Kaarin Knudson:I love hearing that, that this book is helpful to you as a person first engaging, or engaging in what you might describe as earlier on in your career, related to sustainable urban design.
Kaarin Knudson:I think one of the things that's very interesting about the planning profession is that not all planning professionals, even those who are accredited in their degrees, members of the APA not all of them have background and training related to urban design.
Kaarin Knudson:In many schools and many accredited programs, the focus in planning is much more on the regulatory structure and understanding planning, as it is largely separate from physical planning, and so our hope in organizing this book in this way and reaching out to planning professionals, young professionals, students, but also community groups, elected leaders, people who are trying to engage with and make decisions about their communities and their environments that this would be an accessible point of entry, and that is one of the things that I have talked with people a lot about all over the country is the fact that, because urban design lives in this overlap between many areas of specialized expertise and professional accreditation, right Like architecture, landscape architecture, transportation planning, civil engineering, you know political community engagement, work planning, you know proper right as a larger area of work, it's easy for the concerns of urban design to be sort of left in between, with no one really understanding how to more directly engage with and advance, you know, shared goals, so our hope is that this book helps people at all different levels of their familiarity with urban design to better understand the full picture of sustainable opportunities in our communities.

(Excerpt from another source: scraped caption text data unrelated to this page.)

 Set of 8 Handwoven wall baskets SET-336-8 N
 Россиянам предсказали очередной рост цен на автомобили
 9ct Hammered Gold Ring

Kaarin Knudson:Right, you think everyone who's engaging with the built environment in their city, in their community, is thinking about wanting this place to be a better, more sustainable community, is thinking about wanting this place to be a better, more sustainable, more affordable, more equitable, more livable, more sociable place. Right, and to accomplish that goal, you really need a sense of the integrated sets of concerns, because that will help every design project and every community engagement project to stand on better shared understanding of the challenge and, I think, likely accomplish an outcome that feels more like something that people can be really proud of and that can actually deliver measurably more sustainable outcomes.

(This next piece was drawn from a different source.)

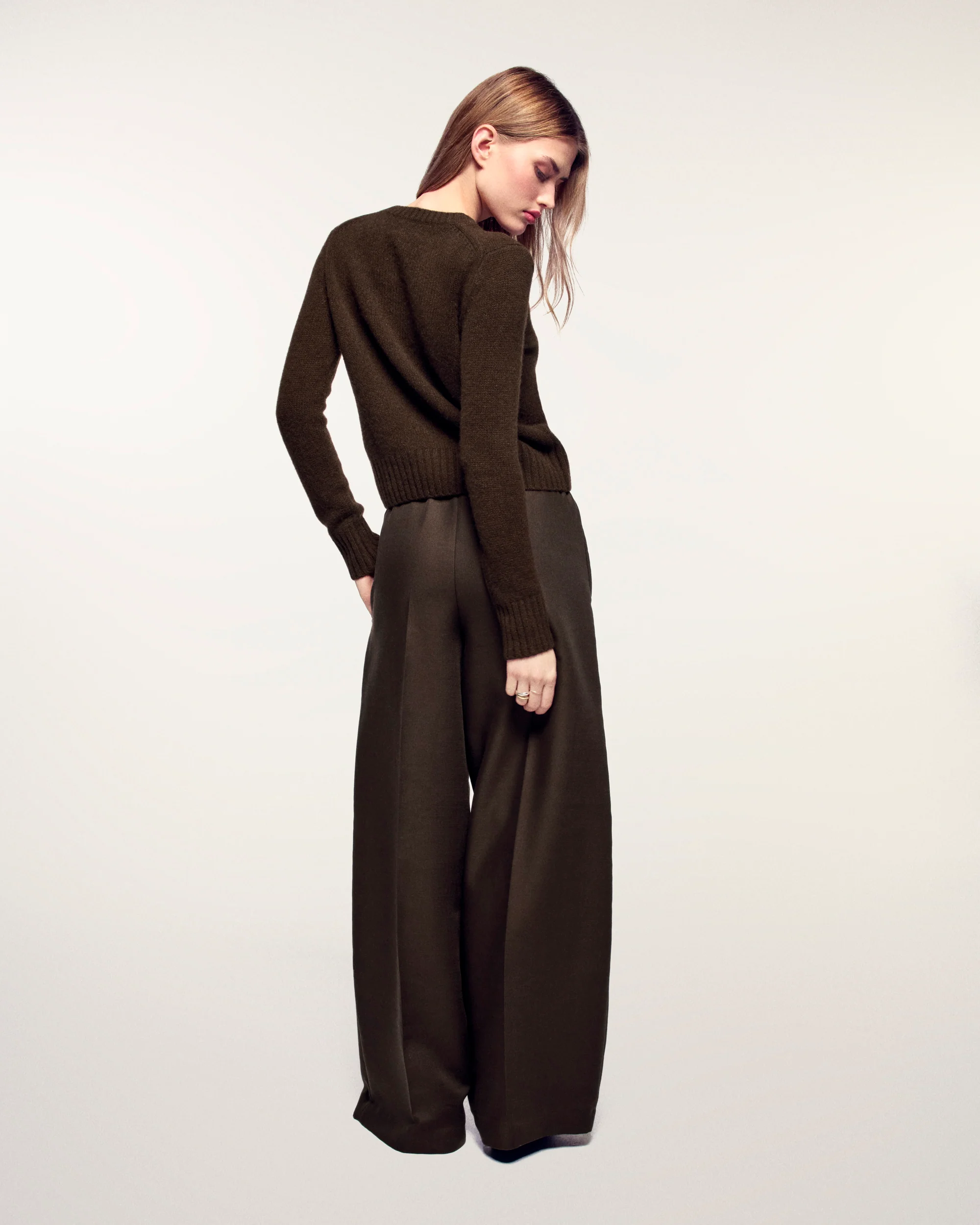 Pull Col Rond Court (S26/ FEMME / Chocolat) - Image 4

Jennifer Hiatt:I work in redevelopment now and when I walked into this job, I thought it would be, from the legal perspective, only negotiating out an agreement, but it's so much more because you're having to talk about what is the building going to look like? What materials are you going to use? So as I was reading through, I was able to like tag different areas. I think I'm going to bring that up in our next building negotiation. Start thinking about that. So it's not just for new people either. It's people well into their career.
Kaarin Knudson:That is, for people who pick up this book and I hope that everyone will do that either at local bookstore or from Routledge, our publisher.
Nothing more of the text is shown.